§ **What you have to do**: Look for the line with "Verschlussklappen für den" in the data below, then reproduce word for word that line and every line after it. Leave out all pictures and add nothing.

§ **Dataset records**:
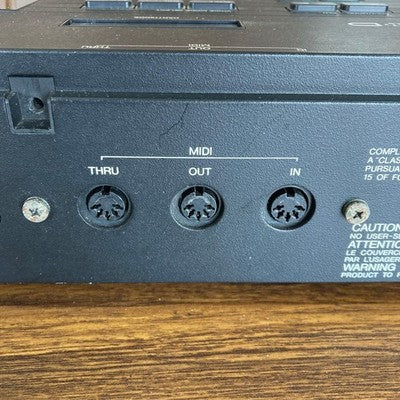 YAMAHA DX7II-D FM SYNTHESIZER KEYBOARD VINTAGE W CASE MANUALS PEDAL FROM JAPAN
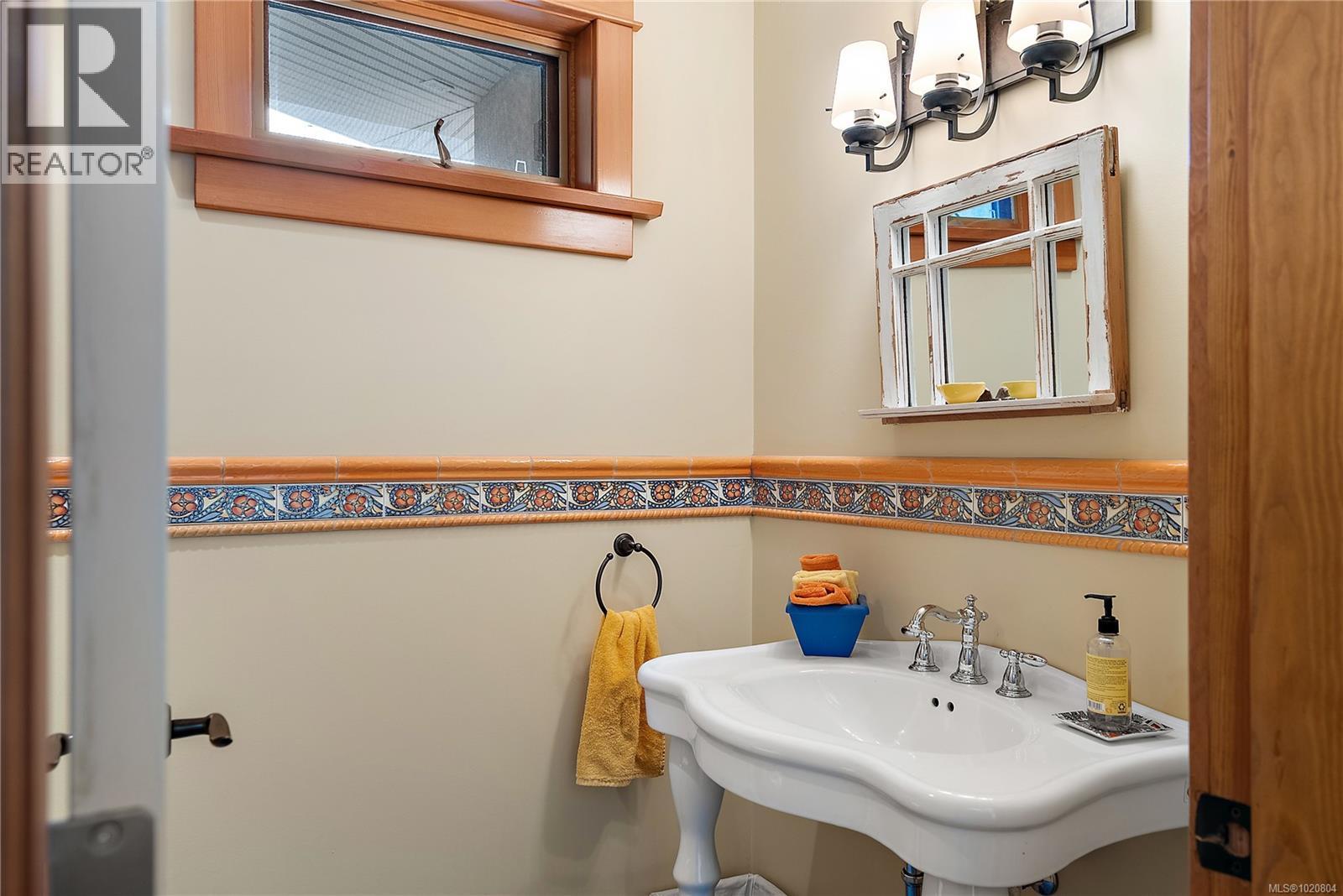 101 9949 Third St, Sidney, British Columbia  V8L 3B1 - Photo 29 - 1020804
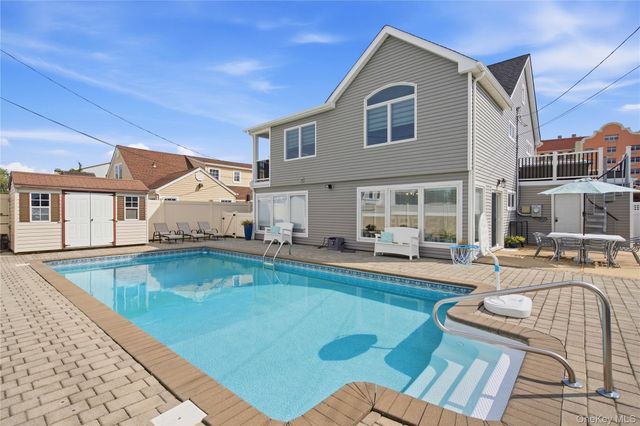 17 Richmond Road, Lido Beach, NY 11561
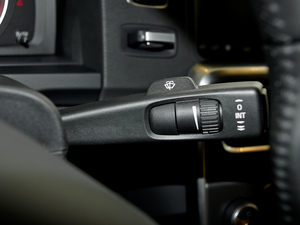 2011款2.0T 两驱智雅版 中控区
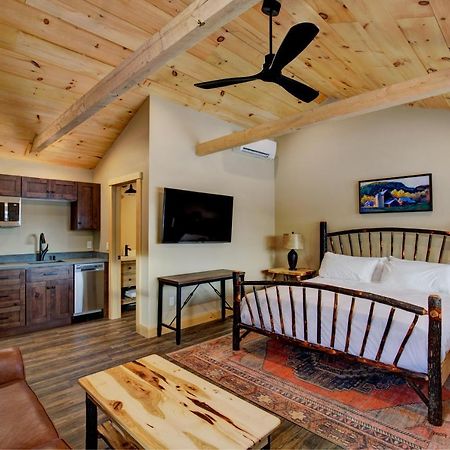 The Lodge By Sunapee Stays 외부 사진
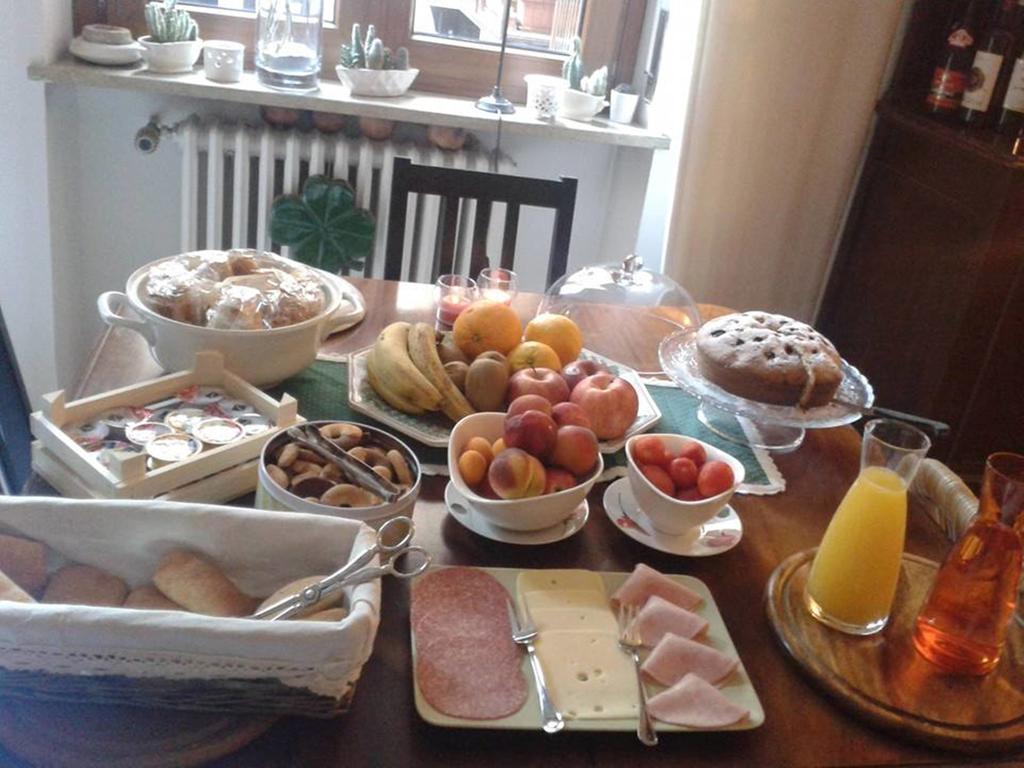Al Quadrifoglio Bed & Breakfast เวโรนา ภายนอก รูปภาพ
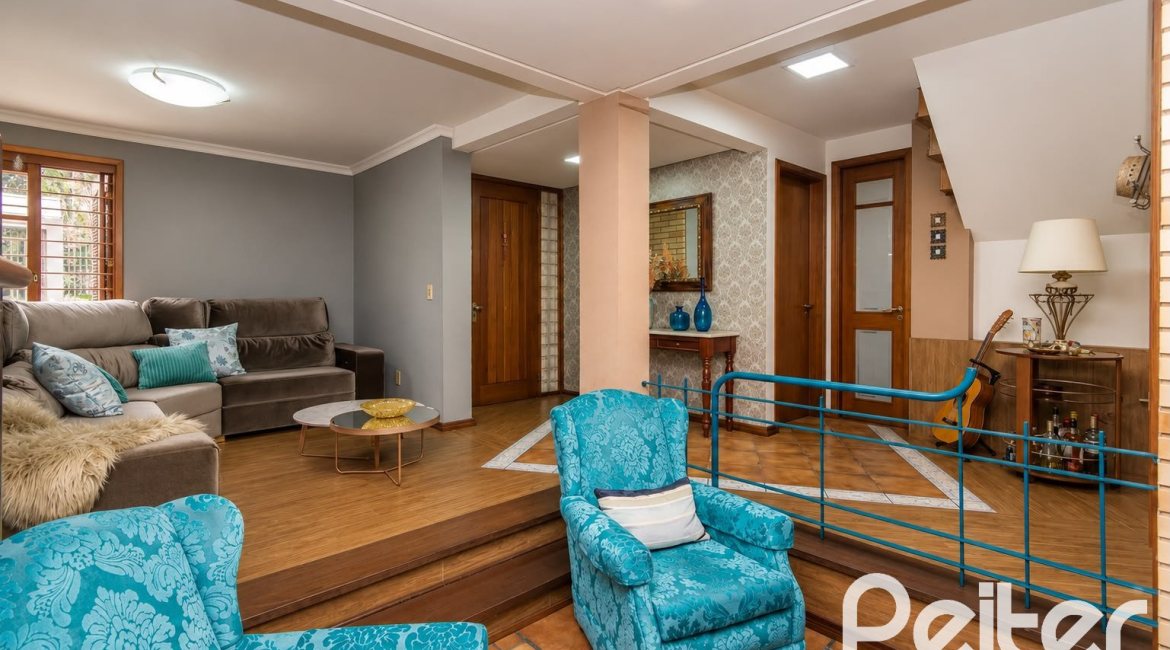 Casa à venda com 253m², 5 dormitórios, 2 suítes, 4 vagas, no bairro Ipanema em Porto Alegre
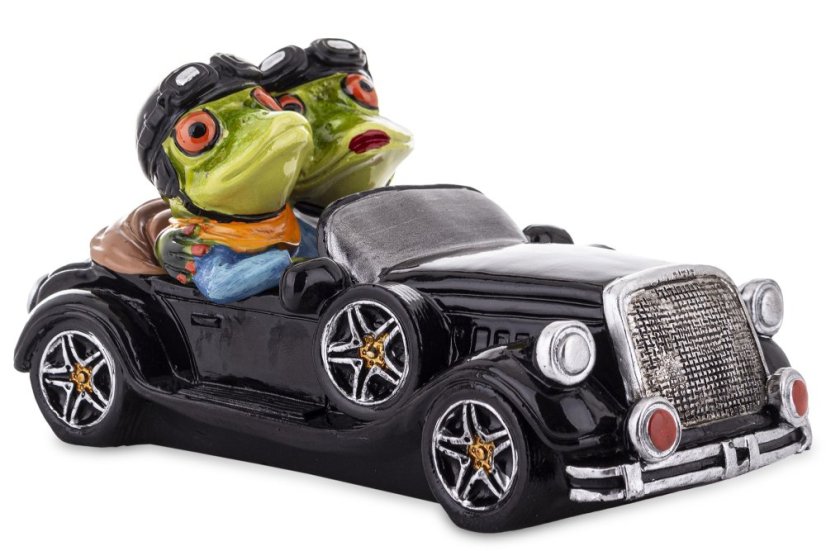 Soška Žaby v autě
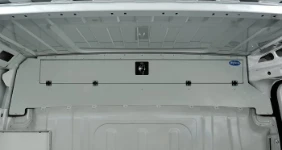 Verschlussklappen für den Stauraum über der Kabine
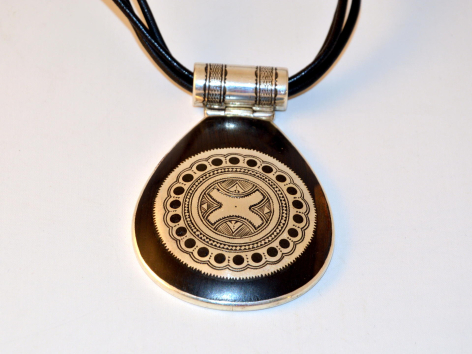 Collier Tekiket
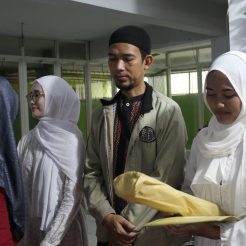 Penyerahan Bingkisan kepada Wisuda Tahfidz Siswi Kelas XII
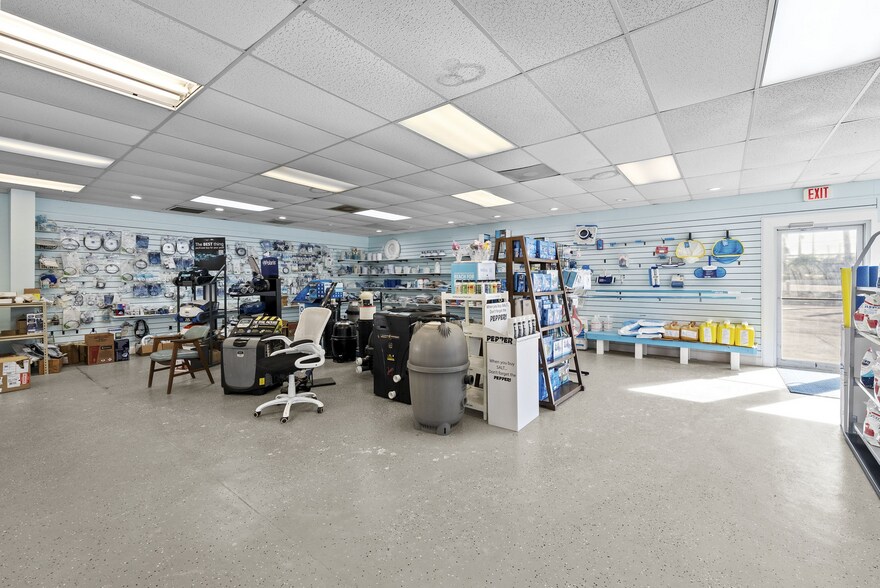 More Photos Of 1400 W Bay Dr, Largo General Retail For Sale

§ **Answer to this task**:
 Verschlussklappen für den Stauraum über der Kabine
 Collier Tekiket
 Penyerahan Bingkisan kepada Wisuda Tahfidz Siswi Kelas XII
 More Photos Of 1400 W Bay Dr, Largo General Retail For Sale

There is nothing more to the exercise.